The short answer
Two-factor authentication is one of the most effective things you can do to protect an account, and any second factor beats a password alone. But not all second factors are equal. A code texted to your phone is the weakest of the common options — worth keeping if it is all an account offers, worth upgrading the moment something stronger is available.
Why a text-message code is the weak link
An SMS code is tied to your phone number, not your phone. And a phone number can be moved away from you: an attacker who convinces (or bribes) a carrier to port your number, or to move it onto a new SIM, starts receiving your codes without ever holding your device. That is the SIM-swap attack, and it is the reason a determined attacker treats SMS as a speed bump rather than a wall.

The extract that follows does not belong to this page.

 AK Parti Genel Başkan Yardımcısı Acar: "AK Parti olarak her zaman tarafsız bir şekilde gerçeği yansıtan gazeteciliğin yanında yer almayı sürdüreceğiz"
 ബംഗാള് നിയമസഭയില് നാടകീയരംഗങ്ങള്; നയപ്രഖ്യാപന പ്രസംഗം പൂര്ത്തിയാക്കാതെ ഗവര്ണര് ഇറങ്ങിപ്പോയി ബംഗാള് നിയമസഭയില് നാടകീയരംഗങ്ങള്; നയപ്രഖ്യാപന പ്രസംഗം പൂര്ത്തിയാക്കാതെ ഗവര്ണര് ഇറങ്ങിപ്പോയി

The mechanics of a SIM swap — how the port happens and what to do if your number is hijacked — are their own subject. If your codes suddenly stopped arriving or your phone lost service unexpectedly, read SIM-swap attack recovery. This guide answers the broader question: which second factor to choose in the first place.
What NIST actually says
The federal standard worth knowing is NIST's SP 800-63B. It classifies SMS and voice one-time codes as a “RESTRICTED” authenticator: still permitted, but carrying risk a provider has to weigh and disclose. Note the exact word — restricted, not banned.You will sometimes read “NIST banned SMS 2FA”; that is not what the guidelines say. The honest reading is that SMS is acceptable when nothing better exists, and you should prefer a stronger factor when you can.
The ladder: move up when you can
- SMS or voice code — better than a password alone. Keep it as a fallback.
- Authenticator app — time-based codes generated on your device, with nothing sent over the phone network to intercept. A large step up from SMS.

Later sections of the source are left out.